Tone of voice is the way we speak to users of the site. It’s in the words we use across the site – every paragraph, heading and interaction. It’s anywhere and everywhere. 

MindWell has one voice that runs through all its content – reflecting its aims and target audiences. But every person who visits the site is different. They will have their own needs, which means our voice must take on different tones in different contexts. 

Tone of voice is always informed by the site’s core strategy statement.

Our voice and 7 values

We chose 7 values to describe the way we want to talk to our audience. These were created in a series of workshops with people involved in mental health services in Leeds (including people working in services and members of the public) held in January 2016. 

We’ve created examples for each of the values.

Helpful, warm, informal and down-to-earth without being too casual

We support local people to find the right mental health support and guidance. We don’t want to put up any barriers so we communicate in a warm, informal and down-to-earth style that makes people feel at ease, without being patronising or too casual. 

“If you’re finding it hard to cope and need help now – you can speak to someone who understands how you’re feeling. There are a number of helplines you can call with people who want to listen.” 

Expert, skilled, professional, experienced and knowledgeable, without being cold

We’re experts in mental health and we speak with authority.
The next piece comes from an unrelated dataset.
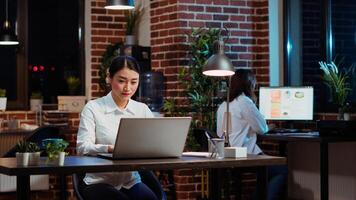 Smiling asian worker researching key data for company project, doing tasks in office overnight. Cheerful staff member looking over accounting figures on laptop screen late at night, typing on keyboard photo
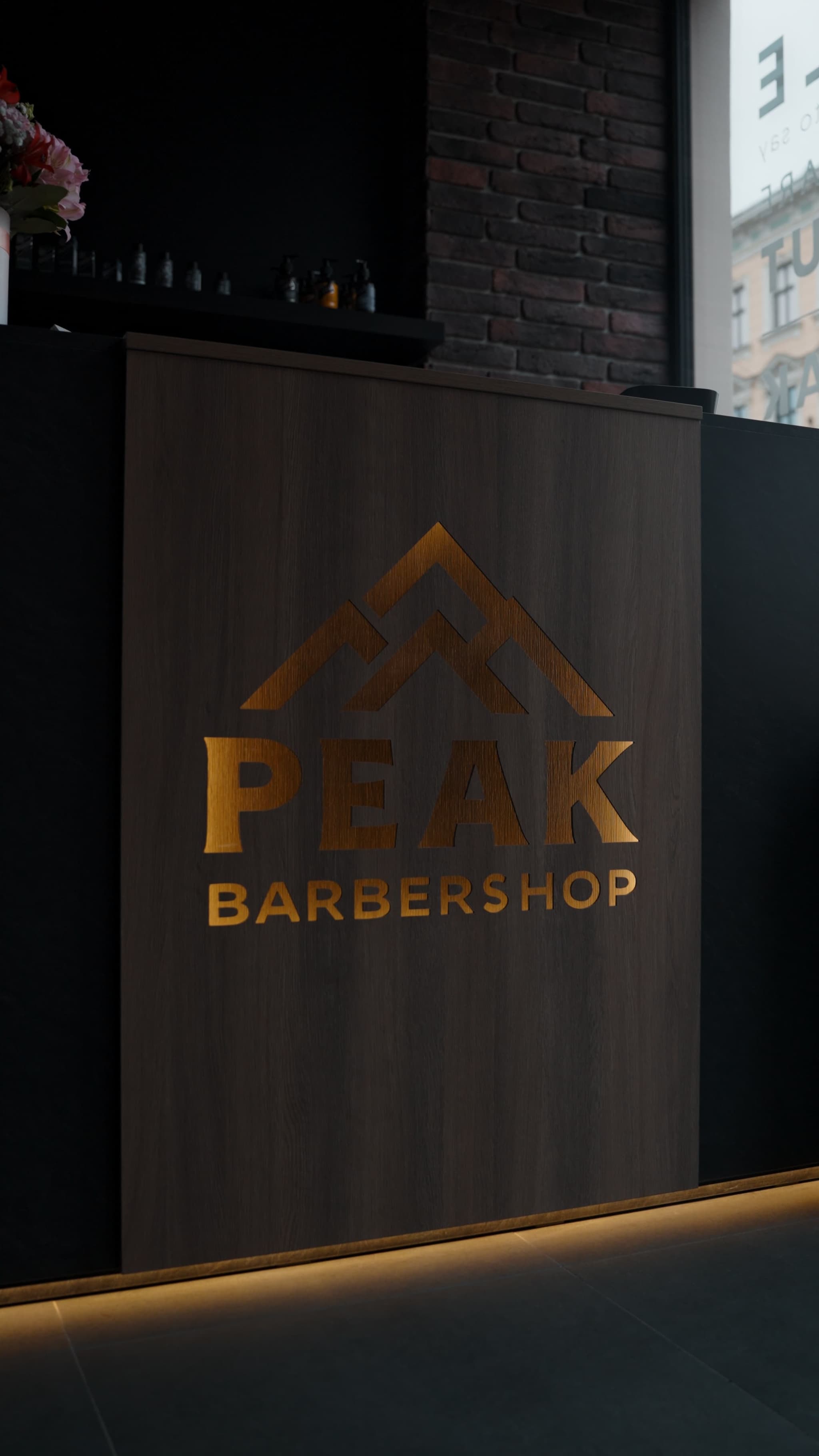 Peak Barbershop recepcijas lete ar zelta logo Rīgā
We use our knowledge and experience to provide our audience with a voice they can rely on, trust and take advice from. We must not use jargon or clinical terms that they may find confusing. 

“Talking therapies can help you deal with negative thoughts and feelings. Talking through your problems with someone who is trained to listen can help you make positive changes – and you don’t have to be sent by your GP.”

Responsible, simple, straightforward, informed, clear and accessible without being detached 

We speak to everyone in Leeds, including those who don’t have English as their first language. We use plain English to be as clear as we can. But we’re also careful not to sound like we’re not engaged or don’t care. 

“Most of us go through tough times at some point in our lives. If you’re struggling, there are lots of places to get help and support in Leeds. We can help find the right place for you.”

Ethical, accepting, respectful, understanding, reliable and supportive without being emotional

We support people with different needs. We don’t use labels and treat people as individuals. We use language that makes people feel supported and creates a place that is both inclusive and understanding. 

“Talking about mental health can be hard. You may feel scared and confused about how to talk about it at work. You’re not alone. Taking a few small, simple steps can help you look after yourself and make your workplace better.”

Caring, inviting, welcoming, kindly, and friendly without being playful or light-hearted

We want our audience to feel that MindWell is a place they can go to and keep coming back to. We want people to be put at their ease about what is potentially a very sensitive subject, without making light of their problems.

“We know how hard it can be sometimes. We are here to help you.” 

Focused, purposeful, meaningful and consistent without being slick 

We are made up of many different services, groups and third sector organisations for mental health. We must remain consistent with our information and how we present it. 

“You don’t need to see your GP to come and talk to someone. Everyone is welcome.” 

Inclusive, equal and social without being loud and bold

Our tone should encourage everyone to feel valued and safe. 

“Feeling supported to express your views and wishes is important. Someone who can help you make your voice heard is called an advocate. If you want to find out more about advocacy services in Leeds, we’ve listed them below.”